Are Voltaire's counterclaims permissive, and fail to assert an independent basis for federal court jurisdiction and, therefore, must be dismissed pursuant to Federal Rule of Civil Procedure 12 (b)(1)?
There is no claim that Voltaire's state law counterclaims of theft, conversion and fiduciary duty are supported by independent grounds of federal jurisdiction. The only question is thus whether those counterclaims fall within the supplemental jurisdiction of the federal court. Under 28 U.S. C. § 1367(a), the district court may exercise supplemental jurisdiction over state claims that do not independently come within the court's jurisdiction so long as they "form part of the same case or controversy" as the claims which do fall within the court's original jurisdiction. Therefore, the question is whether the supplemental claims are so related to the original claims that they derive from a "common nucleus of operative fact." In making this inquiry, courts should look to whether a claimant would ordinarily be expected to try all the claims under consideration in a single proceeding.
Voltaire's counterclaims for theft, conversion, and breach of fiduciary duty do not arise from the same set of facts as the FLSA claims. Voltaire's counterclaims do not share common facts with the FLSA claims and a different body of evidence will be required to prove those claims. The only nexus between the FLSA claims and Voltaire's counterclaims is the employment relationship between the parties.
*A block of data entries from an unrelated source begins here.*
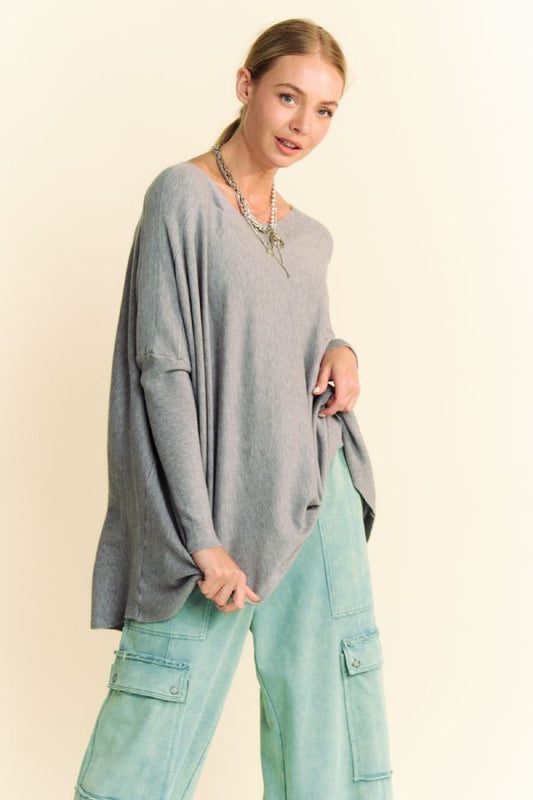 Davi & Dani Round Neck Dropped Shoulder Long Sleeve Knit Top - Classique Collection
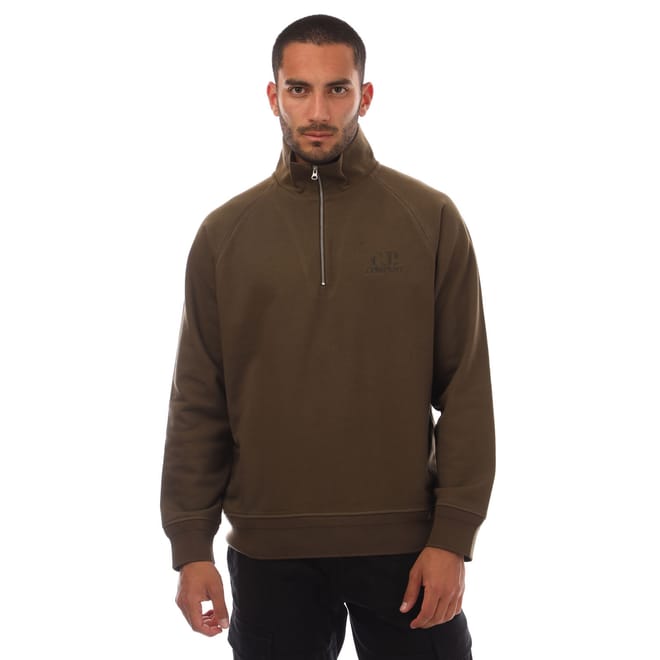 Diagonal Raised Fleece Half-Zip Logo Sweatshirt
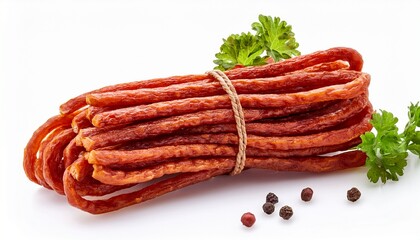 smoked pork kabanos on white background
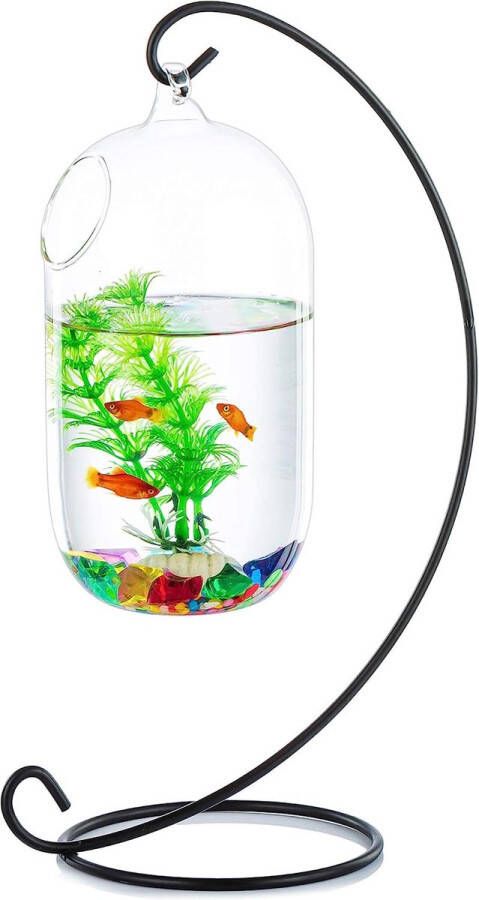 Glazen hangende vis kom tank beta muur tank met standaard vis homes creatieve vaas aquarium voor tuin bureau betta vis moss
The mere fact that the parties were once linked by an employer-employee relationship is insufficient when the claims would stir such different issues and rely on such different facts and evidence. Thus, the federal court held that there was no supplemental jurisdiction over the unrelated counterclaims in FLSA actions.
Furthermore, even if the counterclaims did fall within the court's supplemental jurisdiction, the federal court opined that the district judge decline to exercise jurisdiction over them because "there are other compelling reasons for declining jurisdiction, inter alia, a general aversion to permit an employer to file counterclaims in FLSA suits for money the employer claims the employee owes it, or for damages the employee's tortious conduct allegedly caused.